### Material to process
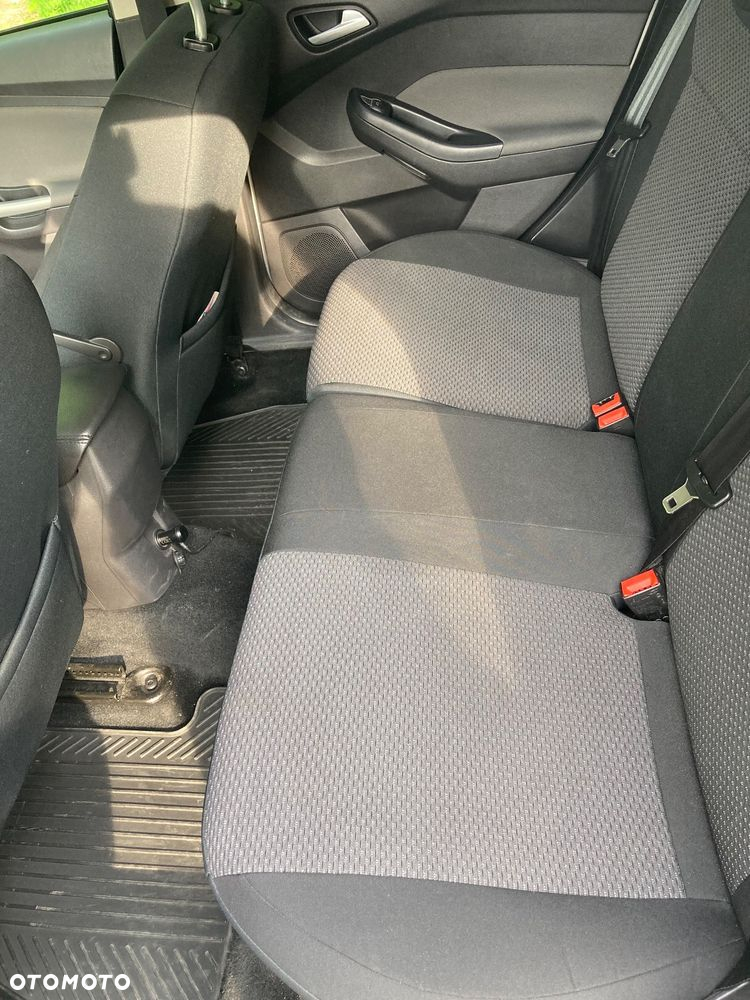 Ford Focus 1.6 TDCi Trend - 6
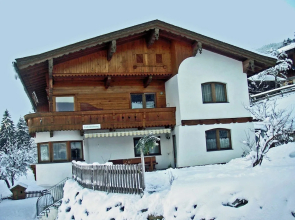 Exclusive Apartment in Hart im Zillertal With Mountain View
---
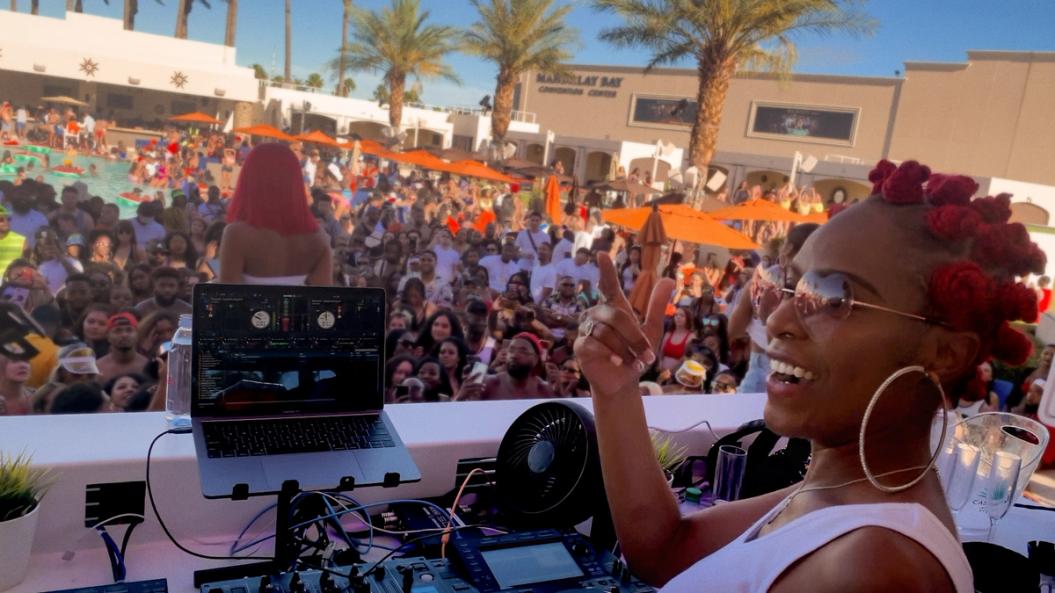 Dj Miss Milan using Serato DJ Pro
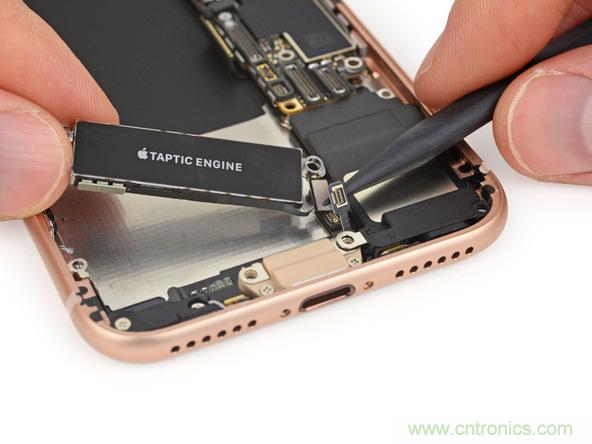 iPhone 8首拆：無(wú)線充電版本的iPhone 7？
==
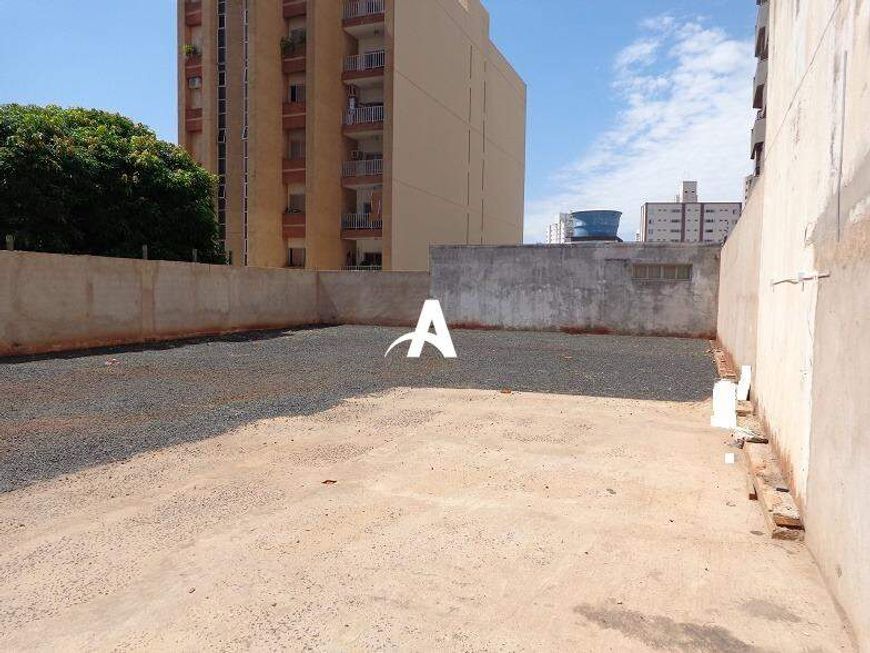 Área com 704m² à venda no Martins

### Problem to solve
Only one stretch of the material above is wanted: the line containing "Dj Miss Milan using Serato DJ Pro" through the line containing "iPhone 8首拆：無(wú)線充電版本的iPhone 7？". Restate it word for word, minus the pictures.

### Final answer
 Dj Miss Milan using Serato DJ Pro
 iPhone 8首拆：無(wú)線充電版本的iPhone 7？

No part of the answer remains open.